Records shown |
====

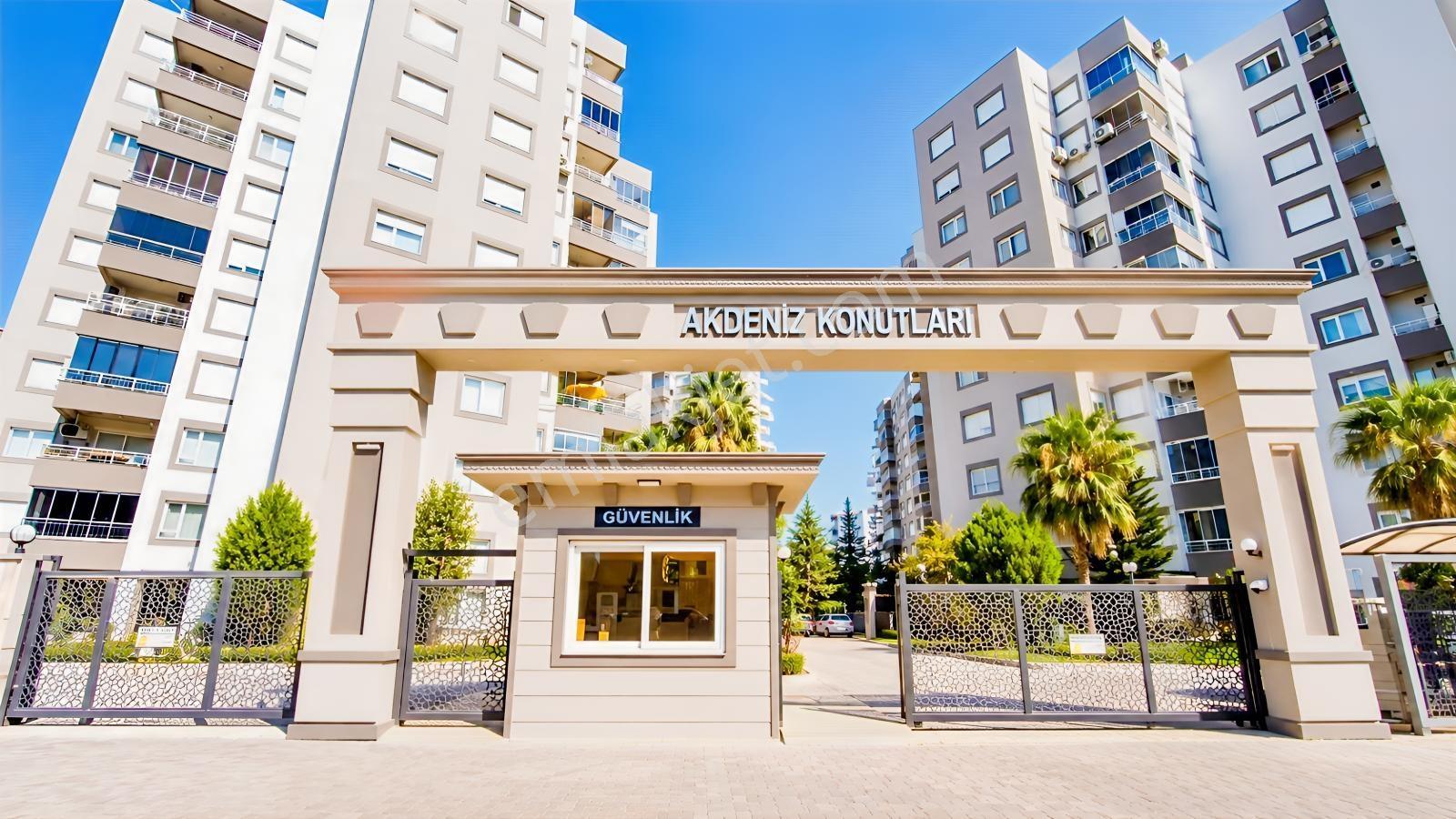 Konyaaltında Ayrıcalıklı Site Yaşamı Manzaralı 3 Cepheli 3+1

====

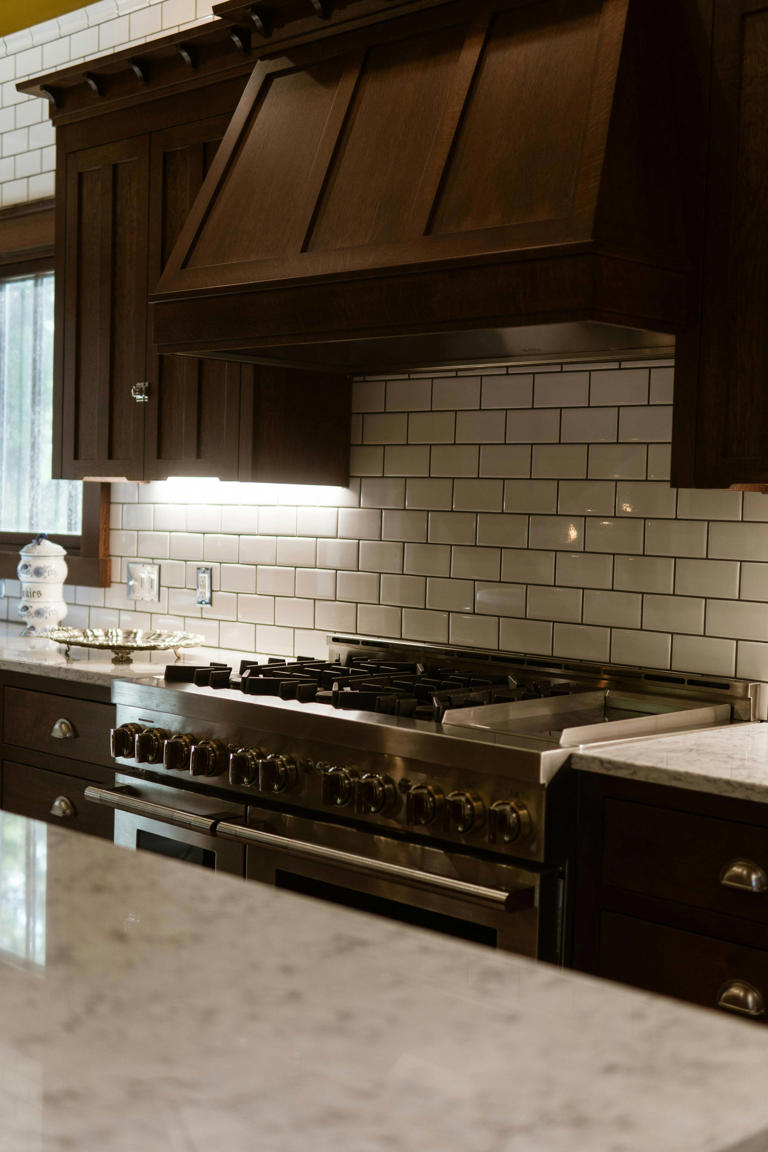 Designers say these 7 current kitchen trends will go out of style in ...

====

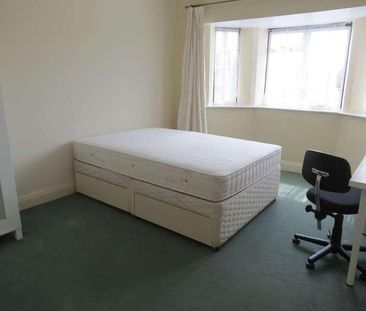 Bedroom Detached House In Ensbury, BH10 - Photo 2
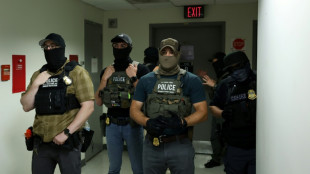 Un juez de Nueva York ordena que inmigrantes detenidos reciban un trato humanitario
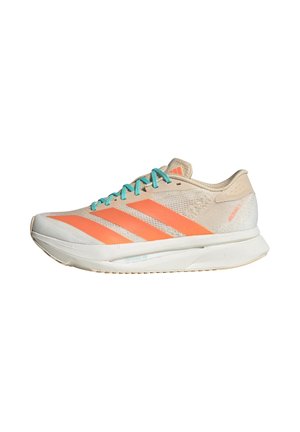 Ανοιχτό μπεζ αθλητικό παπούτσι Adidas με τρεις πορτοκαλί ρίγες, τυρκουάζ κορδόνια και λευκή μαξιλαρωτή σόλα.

====

Instructions for the task | The answer is those lines of the material above that run from the one containing "Un juez de Nueva" up to and including the one containing "Ανοιχτό μπεζ αθλητικό", restated exactly and without images.

Response |
 Un juez de Nueva York ordena que inmigrantes detenidos reciban un trato humanitario
 Ανοιχτό μπεζ αθλητικό παπούτσι Adidas με τρεις πορτοκαλί ρίγες, τυρκουάζ κορδόνια και λευκή μαξιλαρωτή σόλα.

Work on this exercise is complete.